Tuesday, March 8, 2011

Open Interaction

I’ve always wondered what my mother was like at my age. I love my mother more than anything, but we don’t have a huge amount of personality characteristics in common. We deal with our emotions differently, we react in social situations differently, and we analyze things differently. It has never seemed to me that at any age we would have been interested in the things. But I’m a curious person, and I believe I can never get enough information about the people I came from. So, one day a few months ago, I decided to ask my mom what she was like in college.
At first she just answered where she attended school: the University of Arizona. Well, Mom, I already knew that, and it wasn’t necessarily what I was asking. She then proceeded to say she just hung out with friends mostly, but all of this while avoiding eye contact with me and keeping her hands busy around the kitchen. My mother also insisted she was busy with school and didn’t really like going out, all while keeping her sentences very short.
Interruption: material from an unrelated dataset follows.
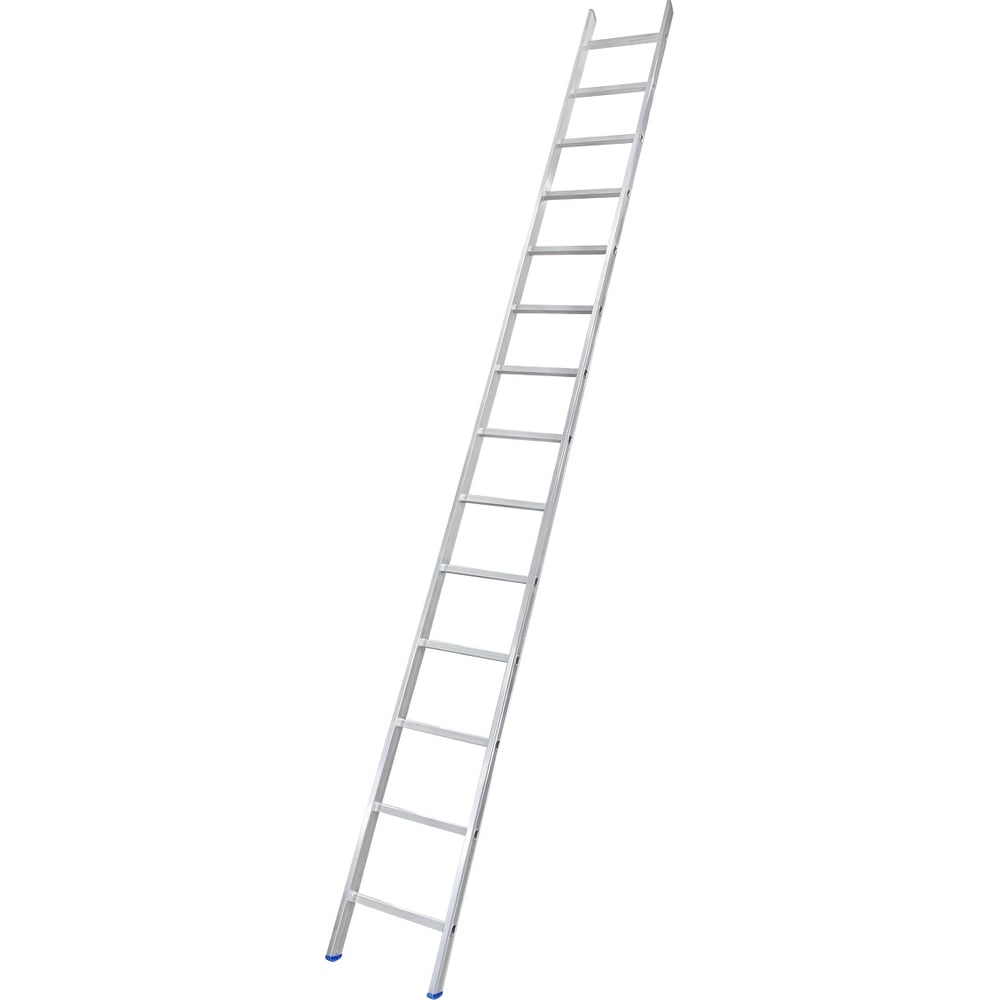 фото Односекционная алюминиевая лестница евродизайн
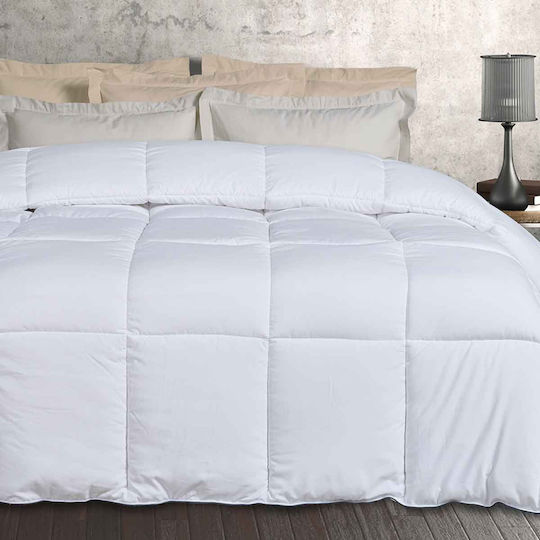 Das Home Пухено Единично с Пълнеж Microfiber 160x220бр 9645 Бял 10.5 togs Togs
She tried to change the subject to what I did in college. Not only did I not particularly want to share this information, this conversation was about her. And she wasn’t getting out of it.
After more pestering on my part, my exasperated mother broke down and said once she threw a raging party at her parents’ house that got broken up by the cops. There was still no eye contact, and she seemed very reluctant and embarrassed to admit this to me. My immediate response was to laugh. Finally my mother looked at me, with a shocked expression on her face. Then she too, began to chuckle and told me the whole story as I pestered further. By the end of our conversation, she didn’t seem awkward or uncomfortable anymore. It was more like it had become a bonding experience we could both laugh over. However the last words of our conversation were, “But don’t you ever even think about doing something like that at my house!”